(Beginning of GIVEN DATA)

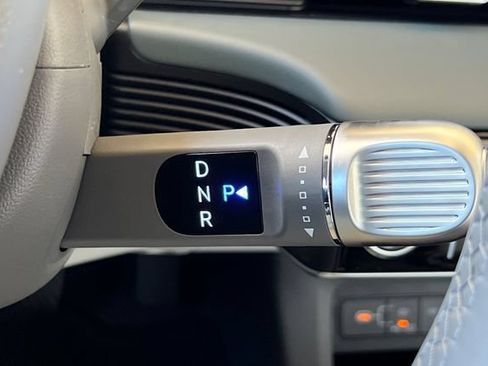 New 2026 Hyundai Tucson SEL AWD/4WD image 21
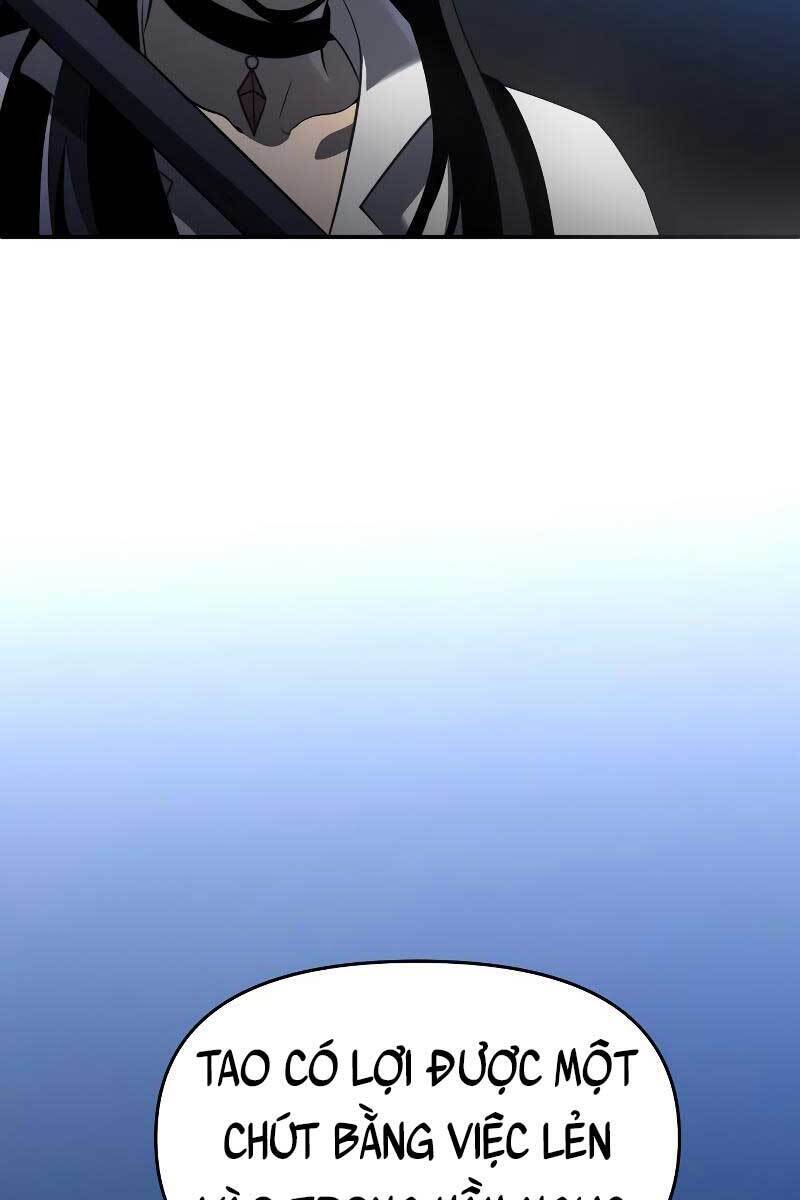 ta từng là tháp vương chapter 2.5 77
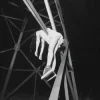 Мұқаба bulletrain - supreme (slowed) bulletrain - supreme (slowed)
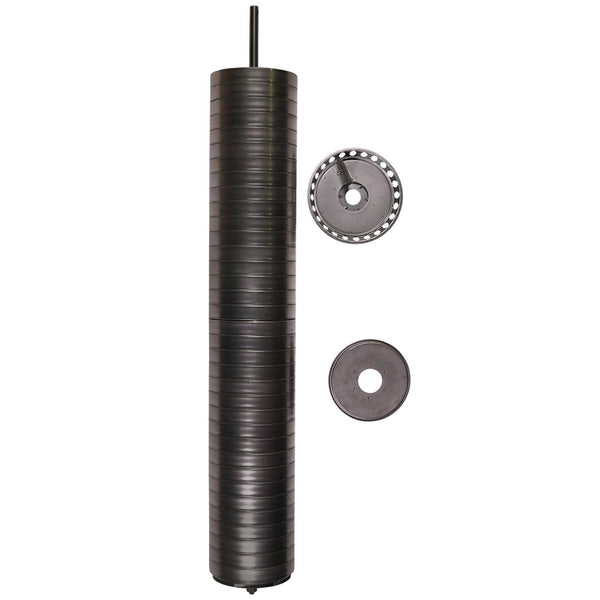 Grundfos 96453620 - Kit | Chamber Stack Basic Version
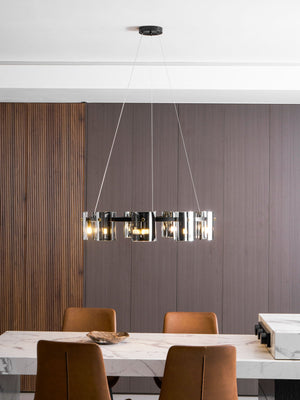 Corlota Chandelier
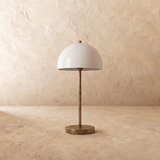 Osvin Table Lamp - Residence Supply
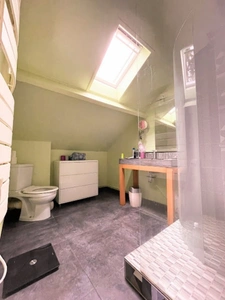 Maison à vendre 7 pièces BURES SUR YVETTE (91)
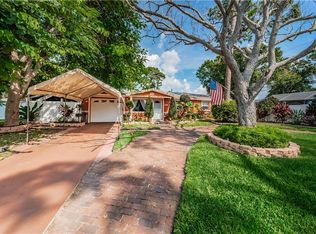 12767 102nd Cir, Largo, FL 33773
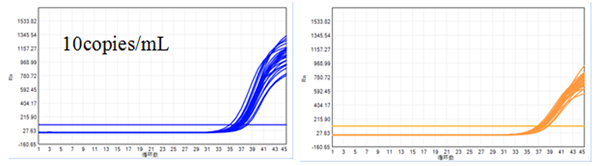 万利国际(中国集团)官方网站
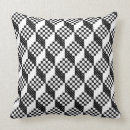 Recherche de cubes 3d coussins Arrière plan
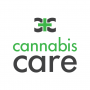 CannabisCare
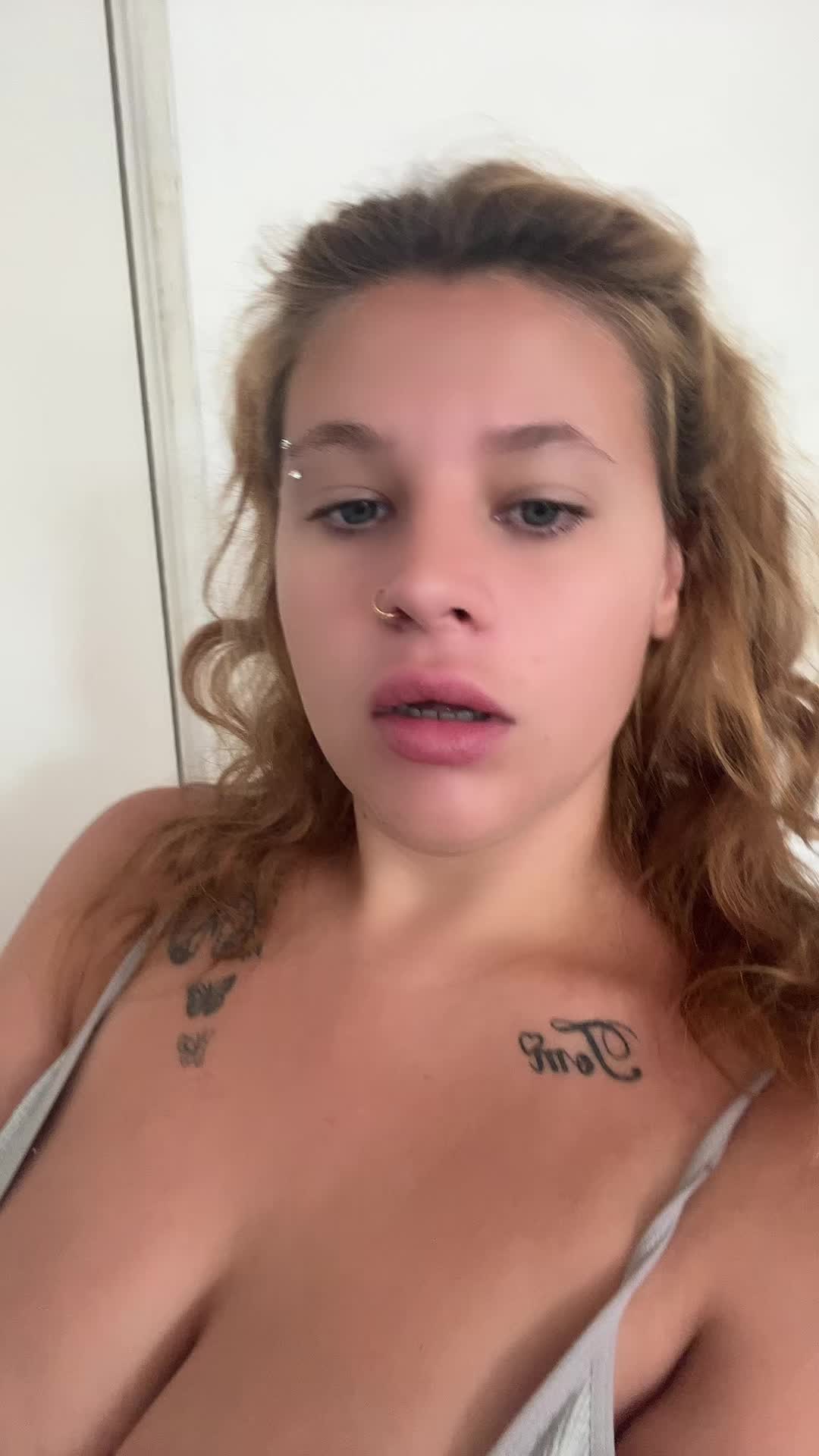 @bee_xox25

(End of GIVEN DATA)

**YOUR TASK**
Copy every record exactly; no pictures.

**SOLUTION TO THIS PROBLEM**
 New 2026 Hyundai Tucson SEL AWD/4WD image 21
 ta từng là tháp vương chapter 2.5 77
 Мұқаба bulletrain - supreme (slowed) bulletrain - supreme (slowed)
 Grundfos 96453620 - Kit | Chamber Stack Basic Version
 Corlota Chandelier
 Osvin Table Lamp - Residence Supply
 Maison à vendre 7 pièces BURES SUR YVETTE (91)
 12767 102nd Cir, Largo, FL 33773
 万利国际(中国集团)官方网站
 Recherche de cubes 3d coussins Arrière plan
 CannabisCare
 @bee_xox25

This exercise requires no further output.